O como el cuerpo de Leopold al inicio de la novela.


No es casualidad que "el asesino del siglo" sea estadounidense: los Estados Unidos han vivido de la guerra por décadas consecutivas desde la Segunda Guerra Mundial, lo que me hace pensar que Leopold bien pudiera ser el cadáver del último imperio del mundo. Su discurso abre brechas para sospechar que esto, en una de las múltiples y ricas lecturas de esta novela, pudiera ser así. De hecho, cuando el personaje de Sammy Davis Jr. confiesa ante Leopold que ha sido victima de la persecución y el racismo, el segundo le contesta: "Exagera. No hay persecución en América, es la tierra de los hombres libres, la patria de los machos valientes".


La lectura es del que lee, y por eso me es interesante considerar la manera en que entra Violeta —quien es puertorriqueña— en la ecuación de la lectura política de esta novela. Al inicio de la misma, Leopold yace inerte bajo las manos de Violeta, quien lo contempla, en rapto casi necrofílico, intoxicada de belleza, como quien se enfrenta a la expectativa de lo venidero. Por ello, en medio del peor momento en la historia política de Puerto Rico y su relación con los Estados Unidos de América, ¿será un presagio? ¿Una profecía? ¿Acaso nos enfrentamos los puertorriqueños a un cadáver que quedará con nosotros? ¿O será Leopold la evocación de nuestra propia muerte? ¿Presentimiento? ¿Visión? Consideremos que, en el espiritismo —ese gran tema de Alejandro Tapia Rivera, a quien Aponte Alsina ha estudiado bien—, el "sexto sueño" se relaciona con el llamado "sexto sentido", el cual facilita la percepción intuitiva del mundo del más allá —o más acá—, algo que parece incidir de algún modo en Violeta, cuya madre y abuela "celebraban sesiones espiritistas a plena luz en el comedor caluroso".


En cualquier caso, el sexto sueño, en el mito hindú, es el estadio último de la psiquis antes de alcanzar su séptimo cuerpo, que es el Nirvana, o el séptimo sueño. El sexto sueño corresponde al sexto cuerpo, en el cual se cruza el umbral de lo consciente-inconsciente y lo material-inmaterial. Después del quinto sueño, desaparece el Yo, y ya, como en la posmodernidad, no hay distinciones. El sexto cuerpo sueña con el cosmos, y una vez se trasciende lo individual, el tiempo y el espacio, dicho estadio onírico se torna en la topografía de los mitos cósmicos. Y todo lo que queda para mediarlos es, como en la novela de Aponte Alsina, el lenguaje.

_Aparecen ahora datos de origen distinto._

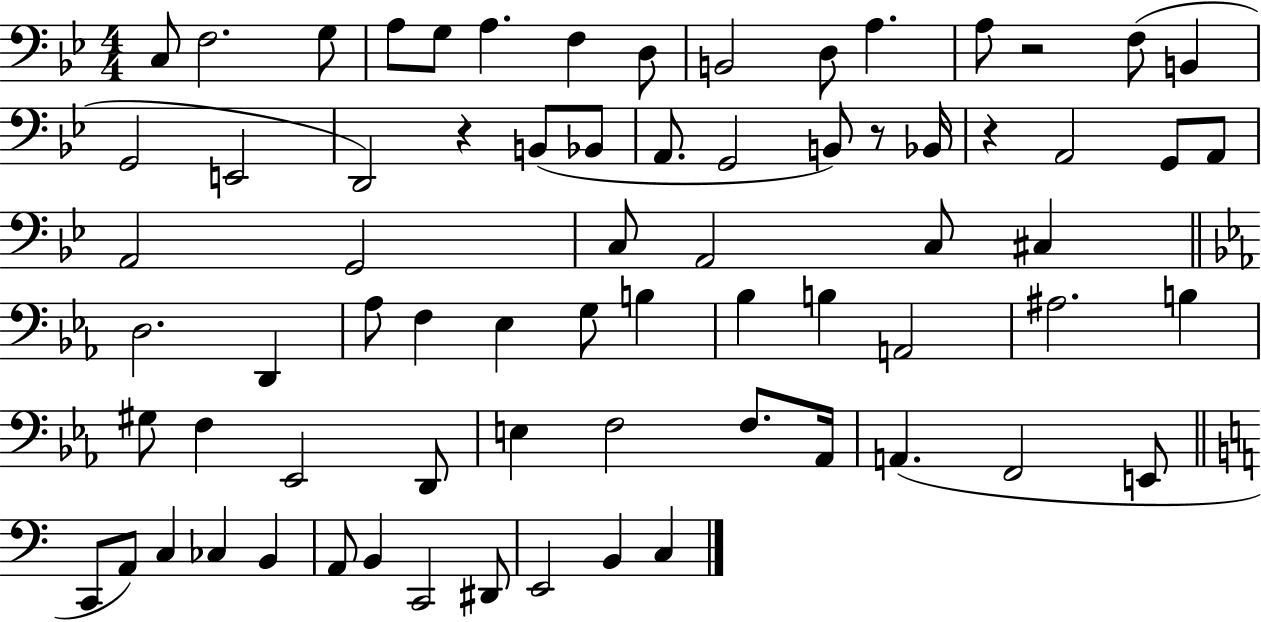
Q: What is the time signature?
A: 4/4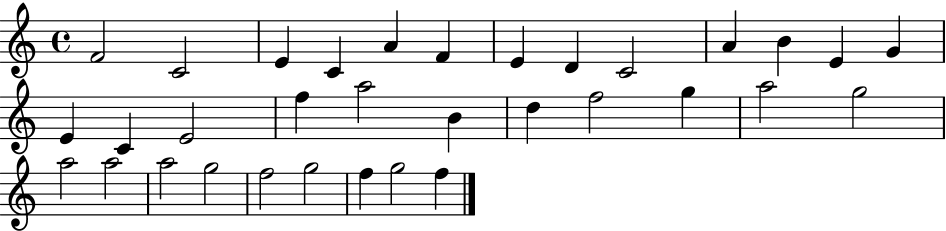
{
  \clef treble
  \time 4/4
  \defaultTimeSignature
  \key c \major
  f'2 c'2 | e'4 c'4 a'4 f'4 | e'4 d'4 c'2 | a'4 b'4 e'4 g'4 | \break e'4 c'4 e'2 | f''4 a''2 b'4 | d''4 f''2 g''4 | a''2 g''2 | \break a''2 a''2 | a''2 g''2 | f''2 g''2 | f''4 g''2 f''4 | \break \bar "|."
}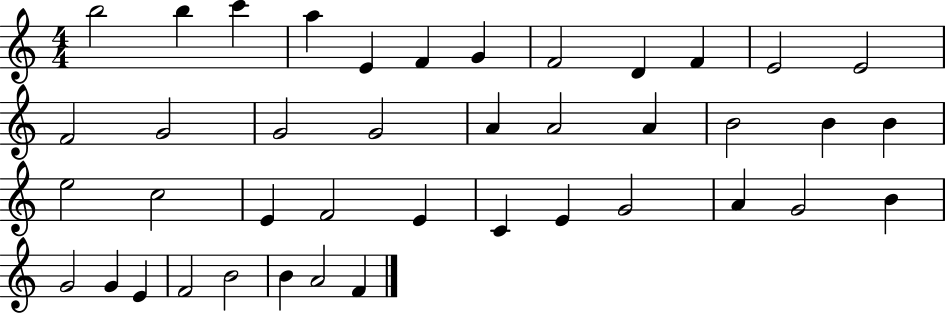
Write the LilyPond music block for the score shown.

{
  \clef treble
  \numericTimeSignature
  \time 4/4
  \key c \major
  b''2 b''4 c'''4 | a''4 e'4 f'4 g'4 | f'2 d'4 f'4 | e'2 e'2 | \break f'2 g'2 | g'2 g'2 | a'4 a'2 a'4 | b'2 b'4 b'4 | \break e''2 c''2 | e'4 f'2 e'4 | c'4 e'4 g'2 | a'4 g'2 b'4 | \break g'2 g'4 e'4 | f'2 b'2 | b'4 a'2 f'4 | \bar "|."
}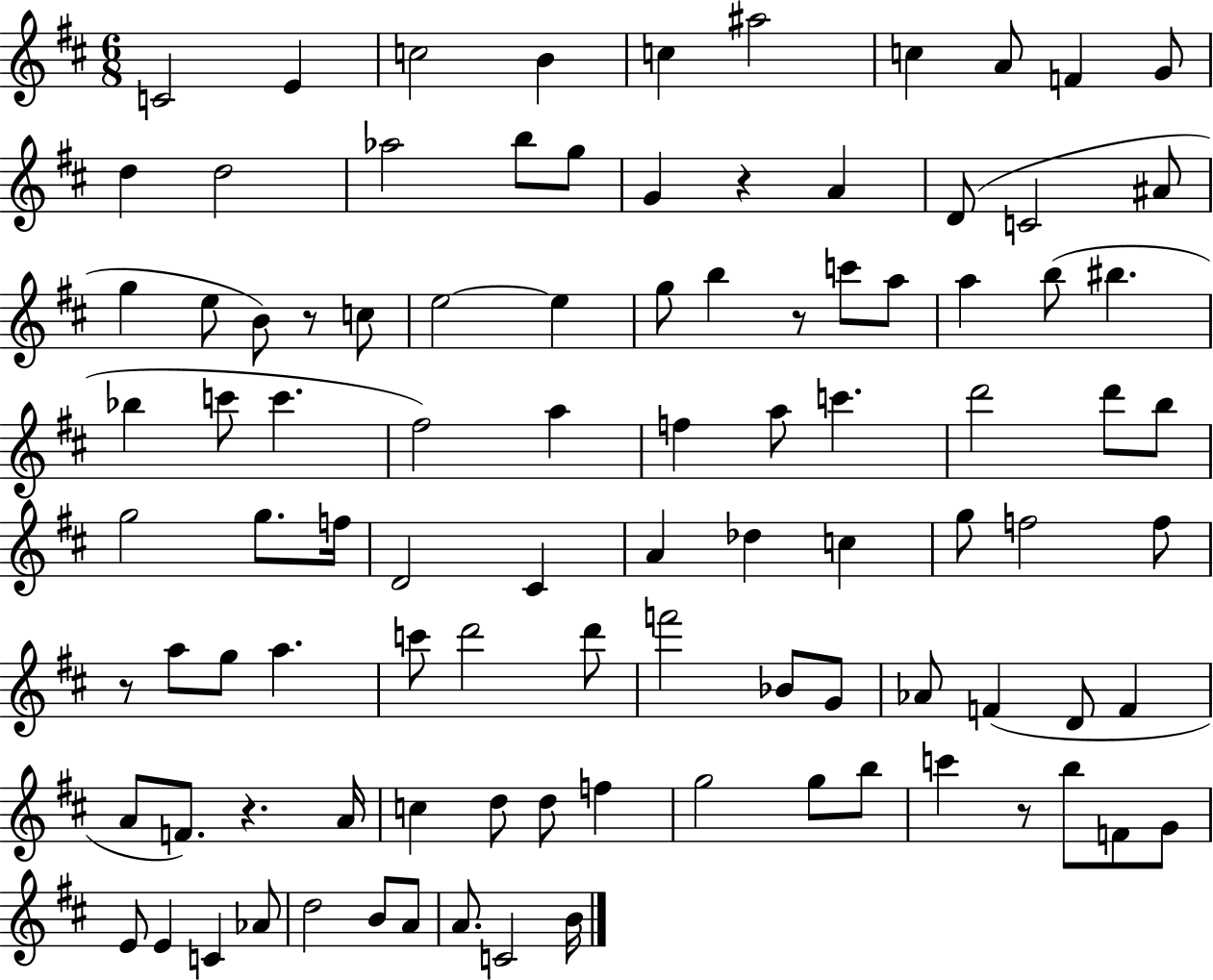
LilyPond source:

{
  \clef treble
  \numericTimeSignature
  \time 6/8
  \key d \major
  c'2 e'4 | c''2 b'4 | c''4 ais''2 | c''4 a'8 f'4 g'8 | \break d''4 d''2 | aes''2 b''8 g''8 | g'4 r4 a'4 | d'8( c'2 ais'8 | \break g''4 e''8 b'8) r8 c''8 | e''2~~ e''4 | g''8 b''4 r8 c'''8 a''8 | a''4 b''8( bis''4. | \break bes''4 c'''8 c'''4. | fis''2) a''4 | f''4 a''8 c'''4. | d'''2 d'''8 b''8 | \break g''2 g''8. f''16 | d'2 cis'4 | a'4 des''4 c''4 | g''8 f''2 f''8 | \break r8 a''8 g''8 a''4. | c'''8 d'''2 d'''8 | f'''2 bes'8 g'8 | aes'8 f'4( d'8 f'4 | \break a'8 f'8.) r4. a'16 | c''4 d''8 d''8 f''4 | g''2 g''8 b''8 | c'''4 r8 b''8 f'8 g'8 | \break e'8 e'4 c'4 aes'8 | d''2 b'8 a'8 | a'8. c'2 b'16 | \bar "|."
}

El día es el preámbulo de una noche maravillosa, dice Aponte Alsina, y añade: "Ni siquiera tú, mi niño lector, te distinguirás de los muertos consentidos por la piramidal Violeta".


Leopold será el otro cuerpo momificado, una imagen perseverante en la memoria, como toda esa literatura que nos precede, que muchos se cargan en acumulación de náuseas, y que aquí queda conjurada y a la vez superada -sin la arrogancia literaria de los novelistas beginners- para probarnos que, en efecto, somos todos nuestros muertos.

Y es cierto. Como dice Marta, ninguna escritura supera el esplendor de un epitafio.


Publicado en septiembre, 2008, en Otro lunes.